Under 17 C.F.R. §§ 200.83
CERTAIN PORTIONS OF THIS LETTER AS FILED VIA EDGAR HAVE BEEN OMITTED AND FILED SEPARATELY WITH THE COMMISSION. CONFIDENTIAL TREATMENT HAS BEEN REQUESTED FOR THE OMITTED PORTIONS, WHICH HAVE BEEN REPLACED WITH THE FOLLOWING PLACEHOLDER “[***]”
June 5, 2013
VIA EDGAR AND OVERNIGHT DELIVERY
Mara L. Ransom
Assistant Director
U.S. Securities and Exchange Commission
Division of Corporation Finance
100 F Street, N.E.
Washington, D.C. 20549-7010
Re: HD Supply Holdings, Inc.
Registration Statement on Form S-1
File No. 333-187872
Dear Ms. Ransom:
On behalf of HD Supply Holdings, Inc. (the “Company”), we supplementally submit this letter related to the Staff’s review of the above-referenced Registration Statement on Form S-1 (as amended, the “Registration Statement”).
The purpose of this letter is to notify the Staff of the proposed price range and share number information expected to be included in the Company’s preliminary prospectus (the “Preliminary Prospectus”) forming part of the Registration Statement. Based on currently available information and market conditions, the initial offering price to the public of the Company’s shares of common stock (the “Shares”) is expected to be between $[***] and $[***] per Share, after giving effect to a [***] for [***] reverse stock split of our Shares (which will occur prior to the offering). It is expected that [***] Shares will be offered to the public by the Company. The underwriters are expected to have an over-allotment option to purchase up to an additional [***] Shares from the Company. We have attached herewith as Annex A for the Staff’s review certain sections of the Registration Statement revised to reflect the inclusion of the price range and related
information, and assuming an offering price of $[***] per share, the midpoint of the price range set forth above.

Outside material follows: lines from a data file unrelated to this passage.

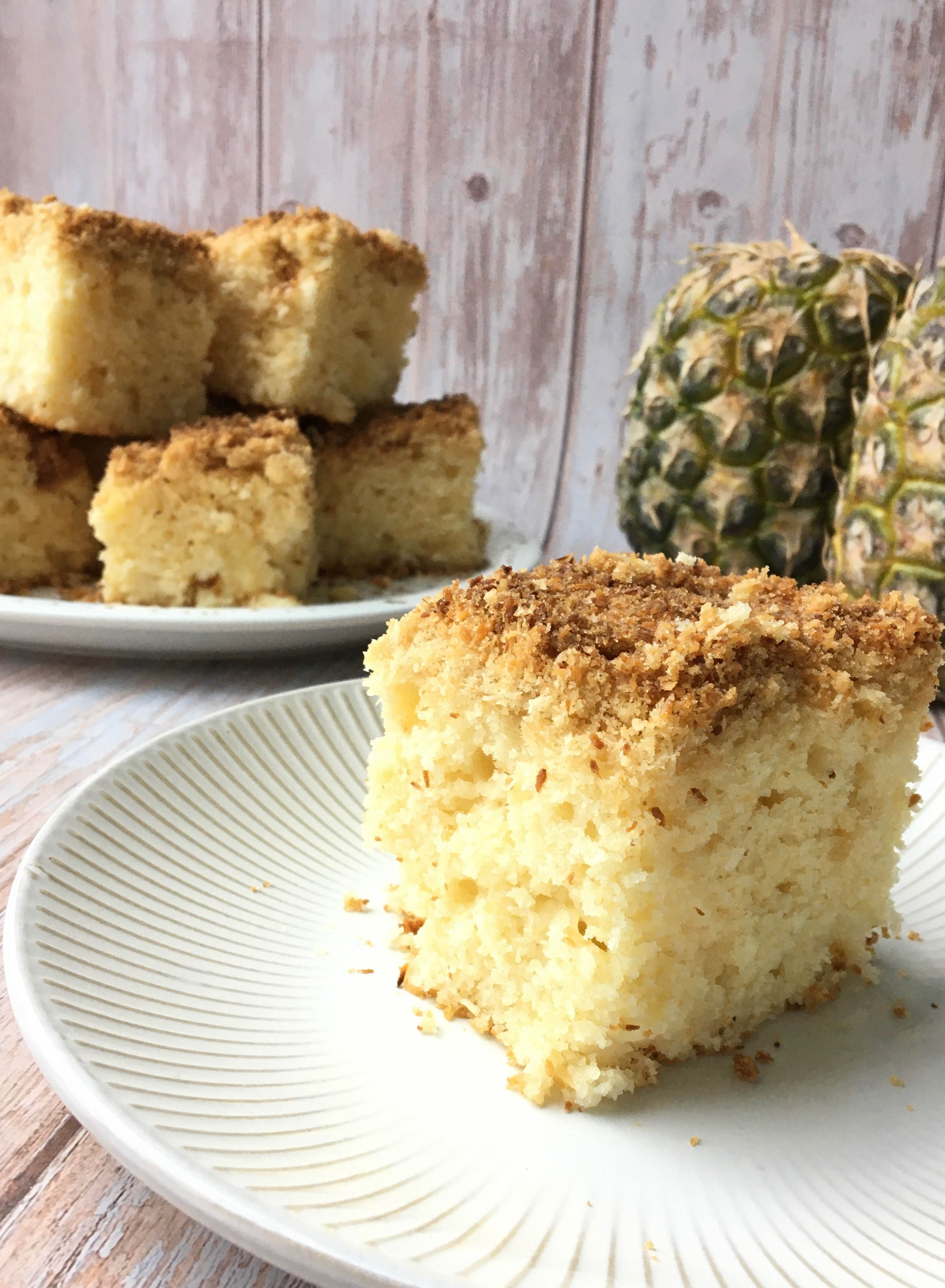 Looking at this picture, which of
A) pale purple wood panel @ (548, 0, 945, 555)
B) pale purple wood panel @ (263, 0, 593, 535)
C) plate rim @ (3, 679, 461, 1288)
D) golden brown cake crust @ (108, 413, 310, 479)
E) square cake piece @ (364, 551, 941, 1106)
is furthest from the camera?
pale purple wood panel @ (263, 0, 593, 535)

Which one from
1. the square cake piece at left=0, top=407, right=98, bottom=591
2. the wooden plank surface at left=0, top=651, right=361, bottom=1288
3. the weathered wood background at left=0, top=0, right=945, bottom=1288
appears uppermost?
the weathered wood background at left=0, top=0, right=945, bottom=1288

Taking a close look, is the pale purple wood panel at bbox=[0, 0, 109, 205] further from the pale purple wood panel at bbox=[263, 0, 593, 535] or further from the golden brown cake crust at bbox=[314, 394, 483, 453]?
the golden brown cake crust at bbox=[314, 394, 483, 453]

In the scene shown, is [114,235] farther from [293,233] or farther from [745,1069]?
[745,1069]

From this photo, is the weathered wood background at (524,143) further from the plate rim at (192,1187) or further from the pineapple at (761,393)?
→ the plate rim at (192,1187)

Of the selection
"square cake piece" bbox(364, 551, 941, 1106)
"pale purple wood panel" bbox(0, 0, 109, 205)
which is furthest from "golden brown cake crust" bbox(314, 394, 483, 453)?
"pale purple wood panel" bbox(0, 0, 109, 205)

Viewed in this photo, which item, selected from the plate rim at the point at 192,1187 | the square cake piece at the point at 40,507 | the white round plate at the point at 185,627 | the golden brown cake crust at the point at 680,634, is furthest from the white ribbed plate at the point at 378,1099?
the square cake piece at the point at 40,507

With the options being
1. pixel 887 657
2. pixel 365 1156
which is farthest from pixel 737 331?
pixel 365 1156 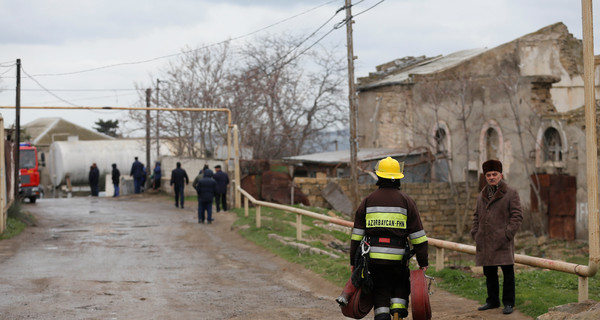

The Company expects to file Amendment No. 3 to its Registration Statement on or about, June 7, 2013, to file certain exhibits to the Registration Statement. The Company expects to file Amendment No. 4 to its Registration Statement on or about June [***], 2013 to respond to any remaining comments from the Staff and to reflect the estimated price range and share amounts before printing preliminary prospectuses and beginning the road show. The Company and the underwriters are currently preparing to begin the road show for the offering on or about June [***], 2013. To the extent feasible, we appreciate the Staff’s efforts to provide any further comments as soon as possible.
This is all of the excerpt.